Le soutien à l’Ukraine s’essouffle, celui à la Palestine s’amplifie. Lassitude, décalage entre action politique et émotion populaire, ancrage militant ancien: la solidarité européenne ne s’exprime pas avec la même intensité selon les causes.

Des marées jaunes et bleues, de Tokyo à New York. 100.000 personnes à Berlin. Plusieurs milliers à Bruxelles. En 2022, l’invasion de l’Ukraine par la Russie suscitait l’indignation collective dans toutes les capitales européennes, ou presque. La Tour Eiffel s’illuminait alors aux couleurs ukrainiennes et les grandes avenues, de Dublin à Rome, revêtaient des drapeaux à la gloire de Kiev.

Plus de trois ans et demi plus tard, et alors que Vladimir Poutine poursuit ses crimes de guerre quotidiennement, la dynamique de soutien populaire à l’Ukraine a fondu comme neige au soleil.
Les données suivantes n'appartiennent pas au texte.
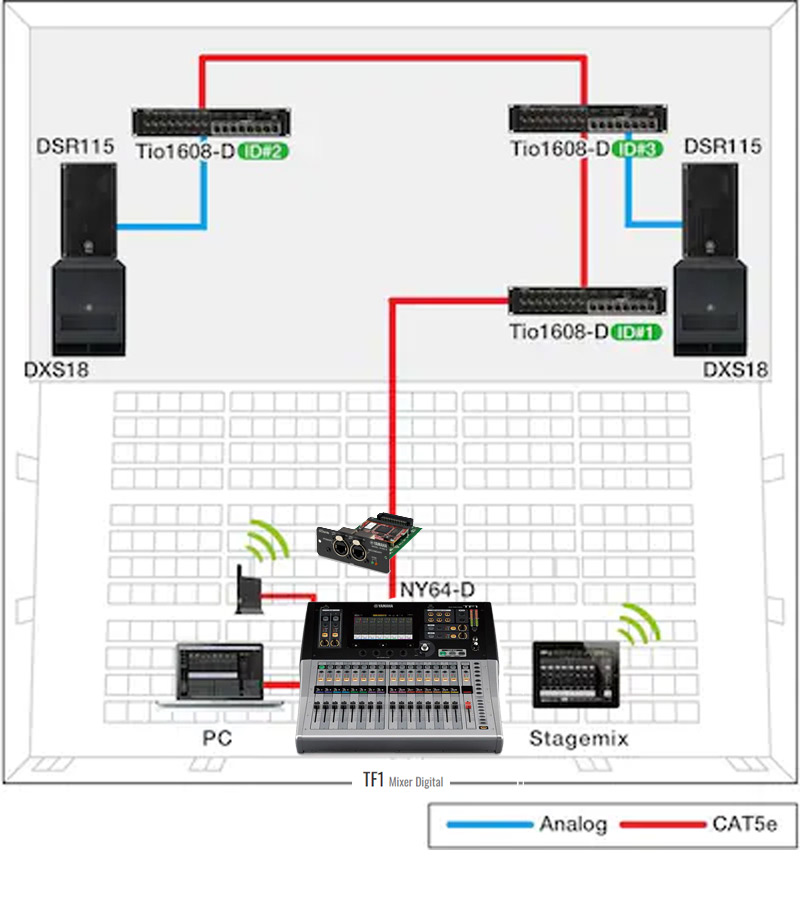 Ứng dụng thực tế mixer Yamaha TF1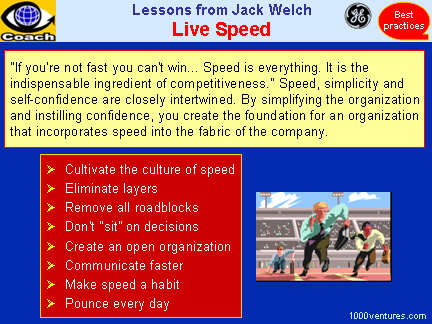 Fast Company - how to live speed, Jack Welch, GE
Dernière manifestation en date à Bruxelles: le 2 mars 2025, devant l’ambassade américaine. Elle rassemblait à peine… 250 personnes.

En parallèle, le soutien à la Palestine, lui, a explosé. Mi-juin, entre 75.000 et 110.000 personnes ont défilé dans les rues de Bruxelles pour dénoncer les crimes de guerre israéliens, alertant sur un «génocide en cours». Plus récemment, des protestations «dispersées» ont vu le jour, parfois accompagnées d’actes de vandalisme.

Ukraine et Gaza: deux conflits aux natures distinctes, aux revendications pas toujours comparables, et dont les dynamiques de mobilisation dans la rue connaissent des courbes opposées. Comment l’expliquer?

1. Palestine – Ukraine: une action politique différente

Lorsque la Russie a envahi l’Ukraine, l’Europe a réagi au quart de tour: aide militaire et économique, accueil de réfugiés, prise de sanctions contre Poutine. «A l’inverse, lorsqu’Israël a intensifié sa guerre à Gaza, l’Union européenne n’a rien fait ou presque», dénonce Henri Goldman, ancien rédacteur en chef de la Revue politique et membre de l’Union des Progressistes Juifs de Belgique (UPJB). Il existerait donc «un vrai lien entre l’action ou l’inaction des autorités officielles et les répercussions dans la rue.»

Sur le terrain, et aussi cruelle que soit la constatation, le conflit en Ukraine a trouvé son «rythme de croisière», provoquant une certaine lassitude dans la population, alors que, dans le même temps, «les événements à Gaza ont pris des proportions délirantes.»

«Il existe un vrai lien entre l’action ou l’inaction des autorités officielles et les répercussions dans la rue.»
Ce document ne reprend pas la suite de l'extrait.